Here is the event line that occured: [2017-04-25 04:40:05,240][TRACE][index.search.slowlog.query] [esndata-0] [uatmmemediacontent-apr-2017][4] took[20.6ms], took_millis[20], types[publishedarticle], stats[], search_type[QUERY_THEN_FETCH], total_shards[5], source[{"query":{"bool":{"must":[{"terms":{"assignedArticleList.assignedArticleId":[316249486]}}]}}}], extra_source[],

Is there any field limit for that?

Thanks

Xavy · May 10, 2017, 1:39pm

Hello again @Yaswanth:
I've not tested this particular output plugin, but I would expect that it sent an email per each event happening (per each json entry)

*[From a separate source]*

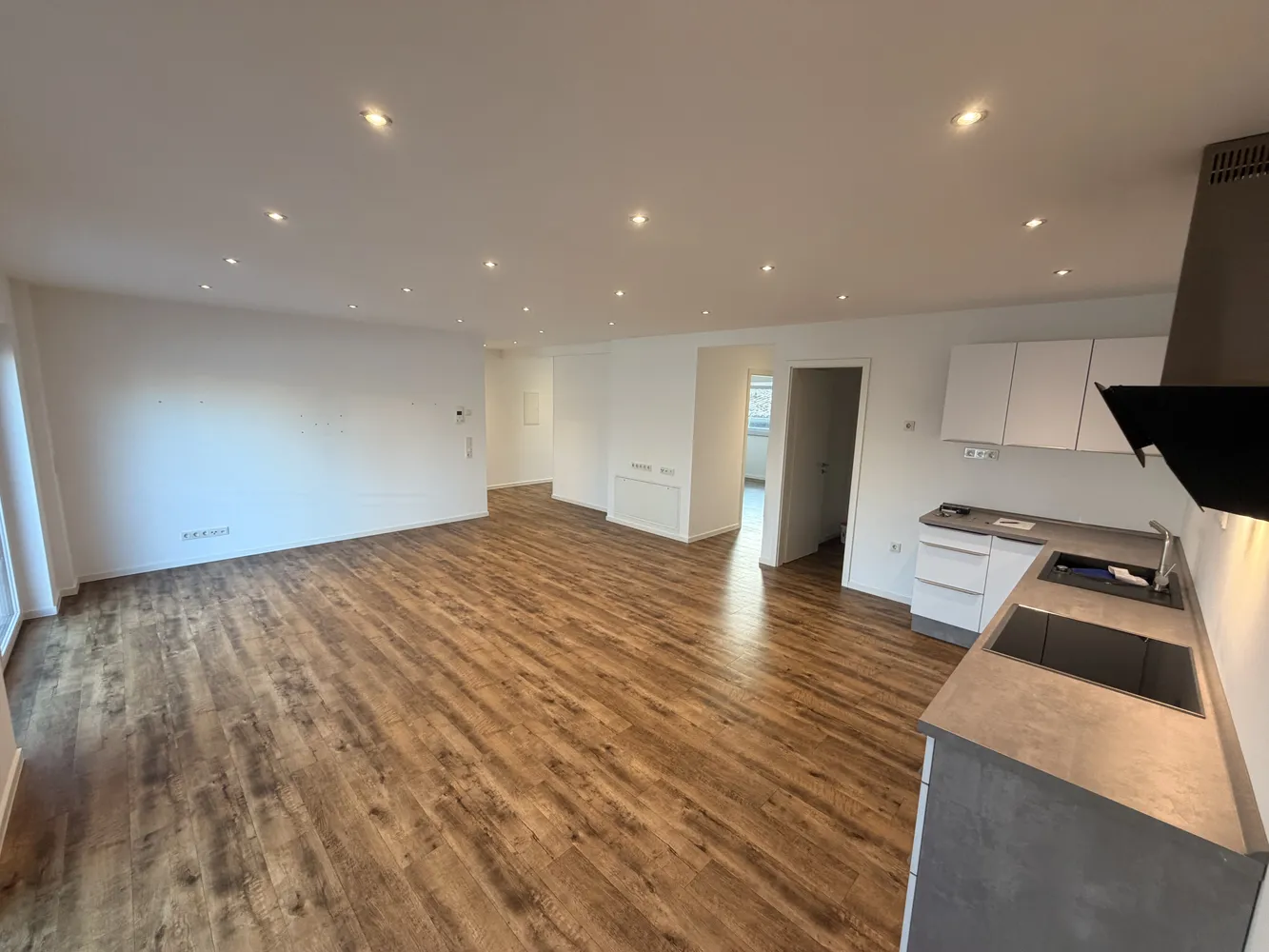 3 Zimmer Wohnung mit 74 m² in Saarbrücken – Bild 2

Therfore, I would expect that, for the stdout you showed us, you should be receiving two emails.

Could it be that the second had been moved to spam folder by Gmail antispam engine?

Regards

Yaswanth · May 10, 2017, 1:44pm

@Xavy What you had said is exactly correct ? One came to mail and other went to spam how can i send all the events in one mail?

THANKS

Xavy · May 10, 2017, 1:53pm

@Yaswanth:

I don't think that's something the plugin is intended to do, as per documentation:

Send email when an output is received. Alternatively, you may include or exclude the email output execution using conditionals.

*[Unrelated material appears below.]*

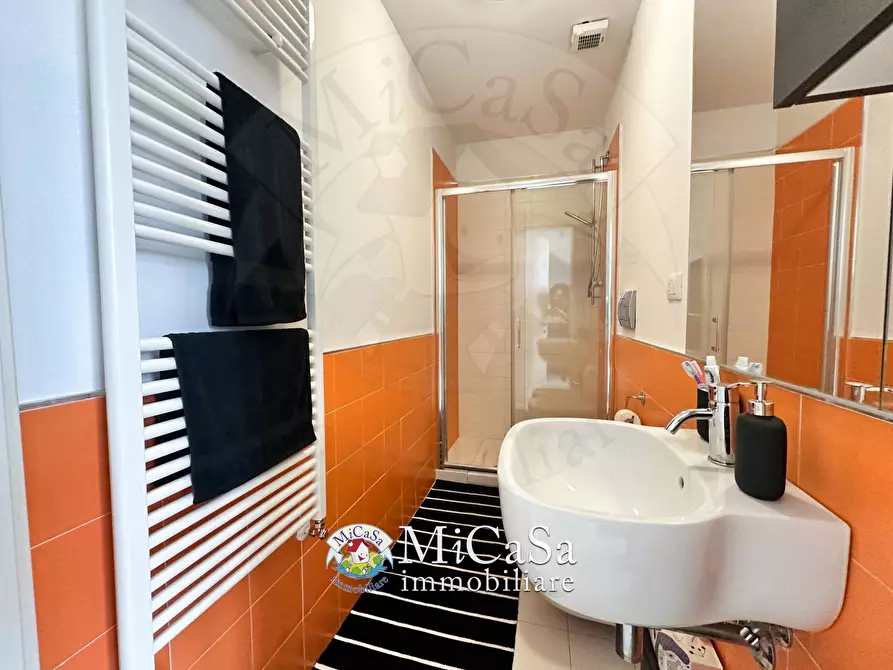 Immagine 15 di Appartamento in vendita  in Viale Del Tirreno 355 a Pisa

Therefore you could avoid some emails being sent by using conditionals, but I don't think you may group several events on a per event number or a per time basis into a single email.

Yaswanth · May 10, 2017, 2:36pm

@Xavy Means your saying it cant be possible to send multiple messages in one mail?

Thanks

Xavy · May 10, 2017, 2:54pm

Unfortunately I suspect so. Keep in mind that output plugins are event based (each time an event occur, it generates an output with its content)
Perhaps a devel could confirm me or make me wrong, bu t I would say that you're asking for is not feasible for now

system · June 7, 2017, 3:07pm

This topic was automatically closed 28 days after the last reply. New replies are no longer allowed.